-- Records contained in a dataset --
= = = = =

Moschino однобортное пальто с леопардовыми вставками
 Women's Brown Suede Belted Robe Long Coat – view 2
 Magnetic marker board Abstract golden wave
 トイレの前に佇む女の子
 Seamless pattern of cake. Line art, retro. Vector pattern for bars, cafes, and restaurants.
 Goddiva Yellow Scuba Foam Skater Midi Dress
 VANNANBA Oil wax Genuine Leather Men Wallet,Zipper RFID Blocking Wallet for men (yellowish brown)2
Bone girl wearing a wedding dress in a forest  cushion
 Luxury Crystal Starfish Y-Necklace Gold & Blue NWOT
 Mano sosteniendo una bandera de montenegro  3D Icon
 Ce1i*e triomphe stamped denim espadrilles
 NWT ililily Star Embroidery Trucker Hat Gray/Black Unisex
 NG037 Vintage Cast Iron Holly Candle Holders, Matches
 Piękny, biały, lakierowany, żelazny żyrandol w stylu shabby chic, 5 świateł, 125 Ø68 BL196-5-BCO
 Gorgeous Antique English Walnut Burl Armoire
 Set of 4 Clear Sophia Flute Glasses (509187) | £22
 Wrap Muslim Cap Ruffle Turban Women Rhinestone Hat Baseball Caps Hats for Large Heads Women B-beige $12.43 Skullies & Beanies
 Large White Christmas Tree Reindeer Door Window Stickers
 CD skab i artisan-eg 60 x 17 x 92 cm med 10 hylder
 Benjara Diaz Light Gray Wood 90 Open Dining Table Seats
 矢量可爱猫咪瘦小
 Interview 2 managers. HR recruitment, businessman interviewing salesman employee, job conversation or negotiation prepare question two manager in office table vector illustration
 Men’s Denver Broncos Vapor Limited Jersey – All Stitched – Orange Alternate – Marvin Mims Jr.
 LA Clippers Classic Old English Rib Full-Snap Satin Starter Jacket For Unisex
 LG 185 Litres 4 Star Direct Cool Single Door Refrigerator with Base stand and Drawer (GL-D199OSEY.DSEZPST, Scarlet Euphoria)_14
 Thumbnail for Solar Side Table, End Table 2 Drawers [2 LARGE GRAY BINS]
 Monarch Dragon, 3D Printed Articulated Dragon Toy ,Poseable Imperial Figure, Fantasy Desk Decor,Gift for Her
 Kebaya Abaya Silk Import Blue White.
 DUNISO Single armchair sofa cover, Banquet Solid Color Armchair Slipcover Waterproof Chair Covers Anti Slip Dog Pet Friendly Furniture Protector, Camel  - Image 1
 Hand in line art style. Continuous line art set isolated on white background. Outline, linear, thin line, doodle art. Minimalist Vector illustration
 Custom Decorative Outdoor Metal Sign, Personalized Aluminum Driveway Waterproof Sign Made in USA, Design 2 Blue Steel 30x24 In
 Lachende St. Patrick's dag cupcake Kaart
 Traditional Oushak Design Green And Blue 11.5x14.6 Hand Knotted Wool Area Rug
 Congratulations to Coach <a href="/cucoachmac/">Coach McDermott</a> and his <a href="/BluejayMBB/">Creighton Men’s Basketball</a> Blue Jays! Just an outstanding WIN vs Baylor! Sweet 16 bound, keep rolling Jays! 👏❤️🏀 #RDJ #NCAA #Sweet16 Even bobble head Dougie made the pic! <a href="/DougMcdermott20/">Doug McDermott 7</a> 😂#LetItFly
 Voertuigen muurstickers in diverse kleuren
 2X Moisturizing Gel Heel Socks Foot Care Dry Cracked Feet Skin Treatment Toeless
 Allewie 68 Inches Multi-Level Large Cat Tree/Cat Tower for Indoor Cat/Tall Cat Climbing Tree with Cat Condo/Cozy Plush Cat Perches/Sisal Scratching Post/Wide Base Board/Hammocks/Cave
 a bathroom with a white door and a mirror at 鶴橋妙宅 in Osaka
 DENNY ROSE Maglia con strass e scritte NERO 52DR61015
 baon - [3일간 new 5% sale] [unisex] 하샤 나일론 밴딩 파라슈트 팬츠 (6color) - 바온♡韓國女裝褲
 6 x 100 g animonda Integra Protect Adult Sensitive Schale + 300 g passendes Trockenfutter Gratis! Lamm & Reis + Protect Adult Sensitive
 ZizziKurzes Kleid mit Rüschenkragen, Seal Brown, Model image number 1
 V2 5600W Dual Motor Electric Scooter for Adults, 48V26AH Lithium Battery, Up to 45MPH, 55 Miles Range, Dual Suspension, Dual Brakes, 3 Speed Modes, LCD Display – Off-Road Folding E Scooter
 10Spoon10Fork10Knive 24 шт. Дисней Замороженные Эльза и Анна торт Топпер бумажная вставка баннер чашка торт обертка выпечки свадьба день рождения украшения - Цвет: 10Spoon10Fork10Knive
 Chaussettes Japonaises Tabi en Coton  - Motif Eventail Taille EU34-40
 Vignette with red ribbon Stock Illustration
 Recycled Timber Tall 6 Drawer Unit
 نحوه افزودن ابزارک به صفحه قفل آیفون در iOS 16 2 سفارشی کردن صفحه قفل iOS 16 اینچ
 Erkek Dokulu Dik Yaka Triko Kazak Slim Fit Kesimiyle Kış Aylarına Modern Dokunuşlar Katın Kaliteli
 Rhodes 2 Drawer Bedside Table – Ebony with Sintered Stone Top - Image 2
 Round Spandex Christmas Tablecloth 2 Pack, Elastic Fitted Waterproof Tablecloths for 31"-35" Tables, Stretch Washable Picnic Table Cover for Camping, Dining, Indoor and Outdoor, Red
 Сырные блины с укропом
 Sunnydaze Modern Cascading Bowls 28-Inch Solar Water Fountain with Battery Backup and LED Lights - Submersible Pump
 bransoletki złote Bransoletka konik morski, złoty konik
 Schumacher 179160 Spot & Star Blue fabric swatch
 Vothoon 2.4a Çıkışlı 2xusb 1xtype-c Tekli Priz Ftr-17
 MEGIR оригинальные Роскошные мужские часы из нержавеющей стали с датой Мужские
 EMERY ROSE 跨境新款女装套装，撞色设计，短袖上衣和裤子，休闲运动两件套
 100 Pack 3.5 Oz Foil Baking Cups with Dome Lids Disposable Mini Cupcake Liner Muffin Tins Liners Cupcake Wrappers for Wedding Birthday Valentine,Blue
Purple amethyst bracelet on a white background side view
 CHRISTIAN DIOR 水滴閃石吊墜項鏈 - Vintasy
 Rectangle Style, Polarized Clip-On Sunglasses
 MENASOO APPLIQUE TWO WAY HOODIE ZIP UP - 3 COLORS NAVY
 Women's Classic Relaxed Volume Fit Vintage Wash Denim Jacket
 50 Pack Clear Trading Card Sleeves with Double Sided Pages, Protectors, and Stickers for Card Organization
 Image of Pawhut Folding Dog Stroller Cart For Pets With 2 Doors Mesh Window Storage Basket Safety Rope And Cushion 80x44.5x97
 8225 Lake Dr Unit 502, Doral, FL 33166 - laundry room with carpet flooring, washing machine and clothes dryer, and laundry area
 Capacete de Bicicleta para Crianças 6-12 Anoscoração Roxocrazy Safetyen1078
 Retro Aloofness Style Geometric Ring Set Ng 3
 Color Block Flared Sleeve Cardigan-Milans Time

= = = = =

Copy out only the lines above from the one with "Purple amethyst bracelet" to the one with "50 Pack Clear", inclusive, exactly as they stand.

-- Response below --
Purple amethyst bracelet on a white background side view
 CHRISTIAN DIOR 水滴閃石吊墜項鏈 - Vintasy
 Rectangle Style, Polarized Clip-On Sunglasses
 MENASOO APPLIQUE TWO WAY HOODIE ZIP UP - 3 COLORS NAVY
 Women's Classic Relaxed Volume Fit Vintage Wash Denim Jacket
 50 Pack Clear Trading Card Sleeves with Double Sided Pages, Protectors, and Stickers for Card Organization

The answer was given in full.